23 agents across 6 classes. Files live in framework/agents/ and are copied to .opencode/agents/ on install.
Orchestration
dispatcher classifies requests, routes them, and handles Git branch setup and final branch handoff. Only dispatcher may invoke implementation agents via Task. builder is scheduler-only: no file edits, no shell, no Task calls.
Permission boundaries
All agents can read, list, and search files for context. Artifact owners can write only their owned files under docs/specs/. Implementation and escalation agents can ask to edit scoped work files but cannot modify docs/specs/** or AGENTS.md. Dispatcher's protected-file denies stay narrow so implementation agents launched through Task keep their edit tools.
Artifact owners
Implementation
Review
Escalation
Low-tier bounded
Model profiles
Profiles assign models to cost tiers. The default profile is low. Switch anytime with oowl profile. Use bundled profiles for OpenCode Go, use free for free OpenCode models, or build a custom one from your connected models.

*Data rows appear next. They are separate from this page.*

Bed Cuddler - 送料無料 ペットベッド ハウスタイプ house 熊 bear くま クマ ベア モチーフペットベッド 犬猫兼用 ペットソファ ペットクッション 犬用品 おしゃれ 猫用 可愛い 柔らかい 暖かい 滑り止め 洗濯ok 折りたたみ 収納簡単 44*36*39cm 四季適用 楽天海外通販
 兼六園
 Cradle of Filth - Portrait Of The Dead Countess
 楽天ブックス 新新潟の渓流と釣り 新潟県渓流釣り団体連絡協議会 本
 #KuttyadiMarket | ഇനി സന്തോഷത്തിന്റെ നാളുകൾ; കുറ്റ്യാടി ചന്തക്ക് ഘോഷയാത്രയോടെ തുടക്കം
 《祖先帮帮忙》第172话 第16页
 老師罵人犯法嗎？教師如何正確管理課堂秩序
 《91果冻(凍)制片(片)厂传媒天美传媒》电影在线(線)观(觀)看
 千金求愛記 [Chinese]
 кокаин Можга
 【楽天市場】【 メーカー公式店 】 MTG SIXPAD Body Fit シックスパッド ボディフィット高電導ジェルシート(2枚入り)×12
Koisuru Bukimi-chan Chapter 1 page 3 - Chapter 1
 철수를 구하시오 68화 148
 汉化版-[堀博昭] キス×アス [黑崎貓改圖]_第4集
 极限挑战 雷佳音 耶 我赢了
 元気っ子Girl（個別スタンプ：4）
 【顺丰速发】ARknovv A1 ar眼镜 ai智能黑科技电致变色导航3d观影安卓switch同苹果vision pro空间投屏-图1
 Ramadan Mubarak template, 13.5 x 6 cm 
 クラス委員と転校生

Profiles assign models to agent tiers. Switch anytime with oowl profile.
Bundled profiles
| Profile | Purpose |
|---|---|
low | Default. Cost-first for long sessions and routine development |
balanced | Daily fullstack. Stronger models where quality pays off. |
high | Quality-first for higher-stakes or shorter sessions |
free | Free OpenCode models. free-data will be used in training; do not use for private, proprietary, regulated, customer, or confidential data. |
Custom profile (no OpenCode Go needed)
oowl install and oowl profile custom scan your connected OpenCode models and let you assign them to cheap/mid/premium tiers. If fewer than 3 models are detected, you can enter model IDs manually.
Plugins
OpenCode plugins oowl loads by default: Superpowers (TDD, brainstorming, debugging) and Caveman (signal-dense compression).
opencode.jsonc loads two plugins out of the box:
"plugin": [
"superpowers@git+https://github.com/obra/superpowers.git",
"caveman@git+https://github.com/juliusbrussee/caveman.git"
]
| Plugin | Role |
|---|---|
| obra/superpowers | Skills for TDD, brainstorming, planning, systematic debugging, and review discipline. |
| juliusbrussee/caveman | Keeps agent handoffs short and signal-dense. Applied to routing summaries and completion signals only. |
Install
Three install paths: interactive walkthrough, scripted shell for CI/CD, and npm + npx for one-off use. Pick what fits your environment.
Primary: npm + walkthrough
npm install -g @jimzandueta/oowl
oowl install
The walkthrough asks: local vs global install, model profile, and overwrite confirmation. The default profile is low. Local installs write framework files under .opencode/, plus AGENTS.md and .oowl.json to the project root.
Prefer not to install the CLI permanently?
npx @jimzandueta/oowl install
Scripted: install.sh
For CI/CD, Dockerfiles, or automation:
bash install.sh --global
bash install.sh --project /path/to/project --force
bash install.sh --project /path/to/project --dry-run
oowl init
See the Optional skills section below — it covers the full oowl init flow, skill sources, and commands.
oowl profile
oowl profile
oowl profile free
oowl profile low
oowl profile balanced
oowl profile high
The free profile uses free OpenCode models. free-data will be used in training, so do not use it for private, proprietary, regulated, customer, or confidential data.
oowl update
oowl update
Updates framework files to the latest package version. Modified files show a unified diff — keep yours or accept the update. Old files no longer shipped are removed. Reapplies active profile and saved Optional skills.
Uninstall
# local
bash uninstall.sh --project
bash uninstall.sh --project /path/to/project
# global
bash uninstall.sh --global
Add --dry-run to preview. Add --keep-project-files to keep AGENTS.md, .oowl.json, and legacy opencode.jsonc.
Optional skills
Beyond the required skills bundled with oowl, add Optional skills via oowl init. Three community repos, quality-gated, configurable per project.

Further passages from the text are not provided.